In the analyses that were run only with children with ADHD, verbal focused attention/short-term memory and rapid naming were significant predictors of Coding, and inhibition displayed a trend, but verbal working memory lost significance. Of the predictor variables, inhibition (rule violations) and verbal working memory (Sequences) differed significantly between groups. When only children with ADHD were used, many children with better functioning on these measures (controls) were removed from the analysis, limiting the measures’ ability to predict Coding functioning. Verbal focused attention/short-term memory and rapid naming remained significant predictors across the two analyses, suggesting their importance in Coding performance across those with and without attention problems. Therefore, poor verbal short-term memory/focused attention and slow rapid retrieval may correspond with the deficits found in Coding in ADHD. Poor impulse control and verbal working memory may as well given our results from the total sample. Although Coding is often thought of as a visual task, it is clear that verbal processes may contribute to/correspond with performance on this task.

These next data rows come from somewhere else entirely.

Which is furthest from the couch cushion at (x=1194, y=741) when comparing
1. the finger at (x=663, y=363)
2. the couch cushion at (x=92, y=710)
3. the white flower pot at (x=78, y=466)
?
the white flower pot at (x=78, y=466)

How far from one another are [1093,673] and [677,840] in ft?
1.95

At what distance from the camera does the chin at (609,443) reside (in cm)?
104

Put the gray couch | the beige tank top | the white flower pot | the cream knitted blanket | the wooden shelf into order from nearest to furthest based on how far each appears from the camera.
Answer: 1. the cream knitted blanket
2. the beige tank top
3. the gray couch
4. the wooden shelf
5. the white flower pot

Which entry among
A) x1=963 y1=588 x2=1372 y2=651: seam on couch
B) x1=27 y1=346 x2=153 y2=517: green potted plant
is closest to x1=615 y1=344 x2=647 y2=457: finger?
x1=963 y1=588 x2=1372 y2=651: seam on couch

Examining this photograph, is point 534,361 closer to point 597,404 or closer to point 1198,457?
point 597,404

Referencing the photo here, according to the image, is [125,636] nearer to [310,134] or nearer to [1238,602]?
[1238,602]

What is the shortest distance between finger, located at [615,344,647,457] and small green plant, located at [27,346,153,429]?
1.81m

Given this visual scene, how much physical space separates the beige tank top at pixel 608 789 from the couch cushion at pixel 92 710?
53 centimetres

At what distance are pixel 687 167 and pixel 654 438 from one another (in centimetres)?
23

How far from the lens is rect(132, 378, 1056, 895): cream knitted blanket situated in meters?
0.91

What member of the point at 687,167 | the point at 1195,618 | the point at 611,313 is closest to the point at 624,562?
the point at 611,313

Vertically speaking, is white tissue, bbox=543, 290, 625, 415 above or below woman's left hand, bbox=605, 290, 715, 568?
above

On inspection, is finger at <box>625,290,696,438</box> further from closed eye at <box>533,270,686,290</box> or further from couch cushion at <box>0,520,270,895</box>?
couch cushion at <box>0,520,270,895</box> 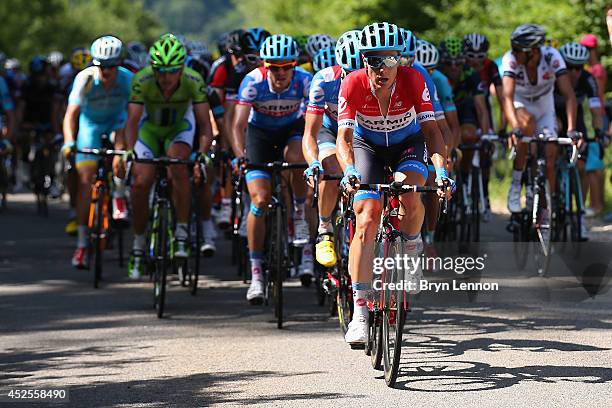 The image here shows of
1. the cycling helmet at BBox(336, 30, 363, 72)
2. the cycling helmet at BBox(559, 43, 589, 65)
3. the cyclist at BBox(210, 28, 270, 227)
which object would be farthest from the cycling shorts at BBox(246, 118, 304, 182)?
the cycling helmet at BBox(559, 43, 589, 65)

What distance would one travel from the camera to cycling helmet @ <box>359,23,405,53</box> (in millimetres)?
8562

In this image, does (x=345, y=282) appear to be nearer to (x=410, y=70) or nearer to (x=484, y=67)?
(x=410, y=70)

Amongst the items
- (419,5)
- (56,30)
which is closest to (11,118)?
(419,5)

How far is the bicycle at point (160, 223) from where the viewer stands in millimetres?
11445

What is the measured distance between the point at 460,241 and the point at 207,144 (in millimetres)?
3605

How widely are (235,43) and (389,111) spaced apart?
568 cm

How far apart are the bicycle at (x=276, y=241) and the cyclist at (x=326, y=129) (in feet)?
1.14

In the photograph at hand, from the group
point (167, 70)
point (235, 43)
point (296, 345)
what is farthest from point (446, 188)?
point (235, 43)

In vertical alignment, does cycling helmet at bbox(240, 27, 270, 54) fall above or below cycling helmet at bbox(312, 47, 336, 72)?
above

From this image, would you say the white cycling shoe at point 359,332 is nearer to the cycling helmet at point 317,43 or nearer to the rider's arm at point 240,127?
the rider's arm at point 240,127

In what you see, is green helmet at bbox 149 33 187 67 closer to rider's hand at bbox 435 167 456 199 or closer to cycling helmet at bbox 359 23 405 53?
cycling helmet at bbox 359 23 405 53

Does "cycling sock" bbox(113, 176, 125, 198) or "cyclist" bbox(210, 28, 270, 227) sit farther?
"cycling sock" bbox(113, 176, 125, 198)

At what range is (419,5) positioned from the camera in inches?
1411

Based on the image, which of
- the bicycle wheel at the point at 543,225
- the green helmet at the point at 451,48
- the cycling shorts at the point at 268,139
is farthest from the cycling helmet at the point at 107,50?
the bicycle wheel at the point at 543,225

It was hypothesized that the predictors of cognitive speed (Decision Speed) would include verbal focused attention/short-term memory, verbal working memory, inhibition, and naming speed based upon face valid task demands, as literature on this measure in ADHD was not found. Analyses revealed that only fine motor dexterity and rapid naming were significant predictors of decision speed. Given the largely unexpected nature of these findings, it is possible that the independent variables used were not as appropriate for Decision Speed as they were for Symbol Search and Coding. More specifically, although the overall model was significant, the fit was better for the Symbol Search and Coding models than the Decision Speed model. With regard to rapid naming, it seems clear that the ability to rapidly retrieve information is an important predictor across a variety of PS tasks. The relationship between naming and PS also may be due to both types of measures being timed. Fine motor dexterity (Grooved Pegboard) is more difficult to justify, however, given that it seemingly would be more important for the fine motor demands of Coding than Decision Speed, which only requires slashes. Nevertheless, Grooved Pegboard is a timed measure, and the speeded nature of the task might have yielded its relation to Decision Speed in the face of few better predictors being available. In addition, executive functioning measures were not significant, suggesting that these variables are not predictive of semantic decision speed in a mixed sample of children, but there may better predictors than what were included in this study. There was no known published research on the predictors of Decision Speed to draw upon, so our findings may help springboard future research in this area. As Decision Speed had significant zero-order correlations with visual-spatial short-term memory and verbal working memory, further investigation of these variables, along with rapid naming, is warranted in a future study.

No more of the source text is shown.